How we start the day can set the tone for how we function the rest of the day. Here are seven tips for getting started on the right foot.
1. Start “on time.” This has a different meaning for each physician because how early you should get to the office before your first patient depends on the particulars of your practice. If you’ve got a well-trained staff that you’ve worked with for a while, you might be able to roll into the office when that appointment begins (or even 15 minutes into it) and trust that your team will have the patient roomed and ready when you arrive. Other practices may need more prep time. The test is whether you and your staff are ready for that first appointment, and not consistently scrambling.
2. Create a meeting-free, interruption-free zone. Imagine if, in the first moments of the workday, you and your staff didn't gather at the water cooler but instead gave each other some space, no meetings, just uninterrupted time to prepare for the day. Consider giving yourself back this time.
3. Perform an “intellectual mise-on-place.” Chefs have long known the psychological value of reading through a recipe and having all of their ingredients and implements arrayed and ready before they start cooking. Physicians can benefit from this philosophy too, by reading charts and plotting out the day’s scheduled visits ahead of time. It creates a sense of order, calm, and efficiency.
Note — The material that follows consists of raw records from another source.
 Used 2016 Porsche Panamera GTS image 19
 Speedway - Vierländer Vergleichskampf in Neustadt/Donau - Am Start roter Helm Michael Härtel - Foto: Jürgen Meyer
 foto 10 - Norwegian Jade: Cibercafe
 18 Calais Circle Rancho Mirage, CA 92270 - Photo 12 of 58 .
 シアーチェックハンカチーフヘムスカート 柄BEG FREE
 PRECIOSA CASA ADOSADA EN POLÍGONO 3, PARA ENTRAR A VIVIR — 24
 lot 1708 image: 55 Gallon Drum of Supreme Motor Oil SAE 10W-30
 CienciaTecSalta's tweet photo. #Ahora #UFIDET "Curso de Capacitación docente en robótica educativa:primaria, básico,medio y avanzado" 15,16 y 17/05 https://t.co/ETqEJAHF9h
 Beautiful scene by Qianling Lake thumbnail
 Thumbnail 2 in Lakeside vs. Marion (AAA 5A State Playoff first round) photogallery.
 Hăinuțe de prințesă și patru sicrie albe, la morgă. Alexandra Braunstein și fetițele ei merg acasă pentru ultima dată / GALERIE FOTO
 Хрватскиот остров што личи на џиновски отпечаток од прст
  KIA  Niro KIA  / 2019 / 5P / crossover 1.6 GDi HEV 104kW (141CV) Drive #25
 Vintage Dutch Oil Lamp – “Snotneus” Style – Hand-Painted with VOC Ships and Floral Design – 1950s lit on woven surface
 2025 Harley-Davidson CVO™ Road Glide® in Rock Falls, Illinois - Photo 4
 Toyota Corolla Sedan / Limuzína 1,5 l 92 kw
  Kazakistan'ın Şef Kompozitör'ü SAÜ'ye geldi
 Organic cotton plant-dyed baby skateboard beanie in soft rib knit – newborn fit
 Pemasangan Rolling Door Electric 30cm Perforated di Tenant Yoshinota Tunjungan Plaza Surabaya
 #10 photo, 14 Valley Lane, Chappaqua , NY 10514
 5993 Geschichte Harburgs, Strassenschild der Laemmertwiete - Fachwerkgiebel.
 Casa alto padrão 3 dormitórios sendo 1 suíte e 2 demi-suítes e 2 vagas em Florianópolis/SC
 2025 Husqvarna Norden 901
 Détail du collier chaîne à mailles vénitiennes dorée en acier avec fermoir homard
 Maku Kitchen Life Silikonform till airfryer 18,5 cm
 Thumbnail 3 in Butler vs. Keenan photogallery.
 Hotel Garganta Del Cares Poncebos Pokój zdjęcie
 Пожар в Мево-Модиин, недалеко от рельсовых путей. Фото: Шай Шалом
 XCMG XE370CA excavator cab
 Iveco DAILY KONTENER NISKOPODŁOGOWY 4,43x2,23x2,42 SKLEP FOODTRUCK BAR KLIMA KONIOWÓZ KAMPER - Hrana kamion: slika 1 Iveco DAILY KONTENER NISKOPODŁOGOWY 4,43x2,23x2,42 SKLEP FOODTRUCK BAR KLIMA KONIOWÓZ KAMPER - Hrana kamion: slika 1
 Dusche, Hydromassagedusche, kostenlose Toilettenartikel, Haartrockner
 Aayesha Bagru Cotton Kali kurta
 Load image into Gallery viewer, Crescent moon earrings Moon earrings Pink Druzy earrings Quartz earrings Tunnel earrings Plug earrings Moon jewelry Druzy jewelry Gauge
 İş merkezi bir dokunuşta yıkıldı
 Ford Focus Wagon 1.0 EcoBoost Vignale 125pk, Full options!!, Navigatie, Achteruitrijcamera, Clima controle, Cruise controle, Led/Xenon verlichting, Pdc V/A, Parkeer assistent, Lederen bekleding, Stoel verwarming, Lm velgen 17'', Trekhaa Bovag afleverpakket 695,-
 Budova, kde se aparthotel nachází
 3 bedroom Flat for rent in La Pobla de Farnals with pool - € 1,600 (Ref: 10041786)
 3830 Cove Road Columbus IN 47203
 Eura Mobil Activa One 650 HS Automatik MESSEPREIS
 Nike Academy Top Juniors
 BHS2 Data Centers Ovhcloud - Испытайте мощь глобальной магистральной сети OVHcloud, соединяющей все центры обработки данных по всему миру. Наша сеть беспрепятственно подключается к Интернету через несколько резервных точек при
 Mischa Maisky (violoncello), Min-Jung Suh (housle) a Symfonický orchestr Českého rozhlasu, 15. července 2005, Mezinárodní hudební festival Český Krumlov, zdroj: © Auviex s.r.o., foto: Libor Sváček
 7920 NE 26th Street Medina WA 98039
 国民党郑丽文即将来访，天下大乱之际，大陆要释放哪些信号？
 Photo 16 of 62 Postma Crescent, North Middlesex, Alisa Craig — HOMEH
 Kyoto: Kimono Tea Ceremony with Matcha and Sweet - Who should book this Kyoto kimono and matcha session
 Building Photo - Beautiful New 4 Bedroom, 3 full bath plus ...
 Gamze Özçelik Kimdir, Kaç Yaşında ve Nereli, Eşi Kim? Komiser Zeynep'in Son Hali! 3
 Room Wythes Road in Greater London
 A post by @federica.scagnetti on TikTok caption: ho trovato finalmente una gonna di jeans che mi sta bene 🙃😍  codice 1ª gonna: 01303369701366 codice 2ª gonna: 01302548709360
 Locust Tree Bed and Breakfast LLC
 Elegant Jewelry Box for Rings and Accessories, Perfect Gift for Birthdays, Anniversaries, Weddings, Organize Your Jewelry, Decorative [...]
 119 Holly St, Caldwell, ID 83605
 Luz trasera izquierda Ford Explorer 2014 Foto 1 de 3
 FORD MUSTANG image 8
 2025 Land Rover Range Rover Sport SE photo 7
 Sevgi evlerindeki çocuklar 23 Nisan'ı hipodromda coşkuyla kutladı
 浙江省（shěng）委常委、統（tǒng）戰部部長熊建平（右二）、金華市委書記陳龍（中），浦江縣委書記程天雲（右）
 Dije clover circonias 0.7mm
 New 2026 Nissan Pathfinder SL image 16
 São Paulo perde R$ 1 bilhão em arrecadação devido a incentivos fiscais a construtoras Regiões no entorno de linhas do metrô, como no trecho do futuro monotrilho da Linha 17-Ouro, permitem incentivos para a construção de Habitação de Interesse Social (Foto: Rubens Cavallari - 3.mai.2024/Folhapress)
4. Eat a frog. Not literally, of course. This tip comes from an old saying credited to Mark Twain: “Eat a live frog first thing in the morning, and nothing worse will happen to you the rest of the day.”1 In this context it means tackling your most dreaded chore — whether it’s hospital rounds, a difficult phone call, or an electronic health records task — early in the day so the anticipation of it doesn’t wear you down.
5. Plan ahead to enjoy something. The inverse of “eating a frog,” this means putting something on your daily to-do list that you can look forward to throughout the day. It could be a run, dinner with a friend, or anything that keeps you from daily doldrums.
6. Huddle with your staff. This need not be a “meeting” (see No. 2), just a short, stand-up conversation to flag any unique challenges or opportunities in the day’s schedule.
7. Start the night before. It’s not always possible to finish all the work in a day, but making sure that charts are at least caught up before you come in the next day can make the morning much easier.